Speaker Note: Challenge assumption that identity equals tools; push toward underlying transferable patterns and behaviors.

Speaker Note: Surface common pitfall—over-indexing on frameworks. Encourage noticing emotional attachment to tech labels.

Speaker Note: Highlight risks of narrow pattern application—reduced adaptability and cognitive rigidity. Normalize discomfort with new tech.

Speaker Note: Reframe from fear to leverage—transferable meta-skills compound. Documentation acts as an externalized memory enabling growth.

Speaker Note: Anecdote illustrating choosing identity reinforcement over learning. Humanize the pattern—everyone does this.

Speaker Note: Transition to origin—identity forms through reinforcement loops. Invite reflection on career inertia.

Speaker Note: Positive feedback shapes specialization; celebrate growth but warn of narrowing exploration bandwidth.

Speaker Note: Make the story actionable—help audience map this pattern to their own moments of choosing identity over exploration.

Speaker Note: Encourage self-audit; these behaviors indicate comfort-preservation mode. Ask audience to note which resonates.
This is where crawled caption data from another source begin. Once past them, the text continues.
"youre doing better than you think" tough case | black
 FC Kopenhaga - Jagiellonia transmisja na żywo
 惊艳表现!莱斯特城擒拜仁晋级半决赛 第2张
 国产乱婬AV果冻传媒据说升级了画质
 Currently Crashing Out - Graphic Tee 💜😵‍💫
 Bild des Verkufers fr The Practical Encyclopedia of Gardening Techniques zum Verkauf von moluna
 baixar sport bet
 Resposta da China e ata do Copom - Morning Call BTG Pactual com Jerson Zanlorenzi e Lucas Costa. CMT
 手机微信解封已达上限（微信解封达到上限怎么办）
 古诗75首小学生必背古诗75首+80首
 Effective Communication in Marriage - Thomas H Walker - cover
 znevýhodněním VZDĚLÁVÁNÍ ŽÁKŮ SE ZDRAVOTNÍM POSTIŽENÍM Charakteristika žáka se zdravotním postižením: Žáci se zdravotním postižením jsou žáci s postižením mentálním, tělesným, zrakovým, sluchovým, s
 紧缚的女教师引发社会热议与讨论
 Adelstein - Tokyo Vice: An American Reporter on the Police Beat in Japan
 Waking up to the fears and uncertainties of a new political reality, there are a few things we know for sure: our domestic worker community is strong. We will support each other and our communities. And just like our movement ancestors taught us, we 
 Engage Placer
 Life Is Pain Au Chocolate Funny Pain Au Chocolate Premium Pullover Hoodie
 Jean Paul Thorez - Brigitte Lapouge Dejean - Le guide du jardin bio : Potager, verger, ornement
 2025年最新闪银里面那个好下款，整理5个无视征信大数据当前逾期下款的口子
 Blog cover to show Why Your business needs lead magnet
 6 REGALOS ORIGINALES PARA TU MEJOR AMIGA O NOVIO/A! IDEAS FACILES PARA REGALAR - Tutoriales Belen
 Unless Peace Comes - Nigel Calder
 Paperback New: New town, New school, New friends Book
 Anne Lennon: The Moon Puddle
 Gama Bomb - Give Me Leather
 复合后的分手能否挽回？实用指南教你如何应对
Speaker Note: Proactively address the concern that this talk is anti-specialization. Deep expertise is valuable — the refactor is about expanding identity's surface area, not replacing your core. Frame as T-shaped to give a mental model.

Speaker Note: Actionable reflection—convert vague discomfort into explicit inventory. Fear labeling reduces its silent influence.

Speaker Note: Light social commitment—normalize these patterns and convert reflection into a tiny, realistic next step. Skip or shorten if time is tight. Can also do a quick show-of-hands instead.

Speaker Note: Create urgency—early diversification is cheaper. Identity ossifies over time; preempt lock-in now. Frame upcoming risk taxonomy—makes abstract downsides concrete to motivate change.

Speaker Note: Combine lock-in and opportunity loss—unused curiosity fades, silent defaults shape future decisions, and missed paradigms delay pattern recognition. Opportunity cost is invisible.

Speaker Note: Longevity requires visible judgment and adaptation reps. Defending turf burns energy; logging tiny wins restores momentum and makes promotable value visible.

Speaker Note: Re-org story—identity rigidity increases transition friction. The people who defined themselves by what they delivered (judgment, problem-solving) integrated fast. The ones who defined themselves by what they coded struggled with the loss of familiar territory. Flexibility accelerates integration.

Speaker Note: Intent beats accidental drift; design identity evolution like roadmap iterations.

Speaker Note: Awareness precedes refactor—identify trigger moments to insert alternative responses. The next slide names the three reflexes to watch for.

Speaker Note: Three reflexes grouped: (1) Comfort zone—feeling slower and cognitively strained are growth signals, not incompetence. (2) Framing—ambiguity drives premature tool selection; pause to clarify the problem first. (3) Quality/risk defer—deferral signals comfort bias; surfacing constraints early expands the solution space.

Speaker Note: Translate trigger awareness into tiny, repeatable behaviors that shift identity from fixed to experimental.

Speaker Note: Dedicated AI section—AI is the biggest forcing function for identity refactoring right now. Placed here as the hinge into portable skills: frame AI as both displacement pressure and the single largest amplifier of the durable skills that follow.

Speaker Note: Name the threat honestly. AI erodes the advantage of memorizing APIs and producing boilerplate. The differentiator shifts from typing speed to judgment, framing, and knowing what to build and why.

Speaker Note: Reframe AI from threat to force multiplier. The portable skills in this talk—judgment, systems thinking, communication—are exactly what let you leverage AI well. AI creates more opportunity than it displaces for those who are adaptable.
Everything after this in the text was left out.